When the configuration path contains two XML files of the same name, matching tags are combined according to the xml-attribute
specified by the tag in the second (last-read) XML file (see the next section, Controlling Tag Combination). If this attribute is omitted, the following combination rules are followed:
If one of the combined tags contains only a PCDATA section—that is, a text block without embedded tags—the first file’s tag is discarded and the tag content of the second file is used (equivalent to
xml-combine
=replace
).In all other cases, the contents of the tag in the second file are appended to the contents of tag in the first file (equivalent to
xml-combine
=append
).
Given these rules, you can combine most XML files without explicitly setting the xml-combine
attribute, reserving its use for special situations.

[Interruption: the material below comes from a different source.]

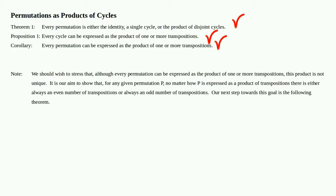Note: we should stress that although every permutation can be written as the product of one or more transpositions, this product is not unique. It is our aim to show that for any given permutation p, no matter how p is expressed as a product of transpositions, there is either always an even number of transpositions or always an odd number of transpositions. Our next step towards this goal is the following theorem.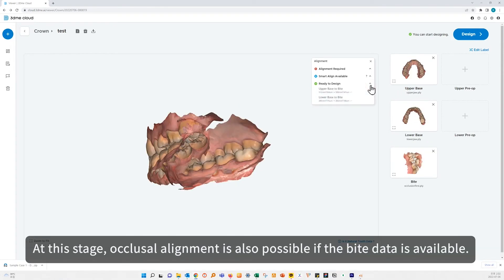At this stage, occlusal alignment is also possible if the byte data is available.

The values of XML elements can be set in the DTD. If an XML element has a default setting specified in the DTD, that default setting is applied in any XML file that does not explicitly set the element. For example, the SQL Repository DTD specifies the expert
attribute of the property
element as follows:
expert %flag; "false"
If your base SQL repository definition file sets the expert
attribute of a property to true
, and if supplemental SQL repository definition files modify that property, you must also explicitly set the expert
attribute of a property to true
in the supplemental SQL repository definition files; otherwise the attribute’s value reverts to the default specified in the DTD.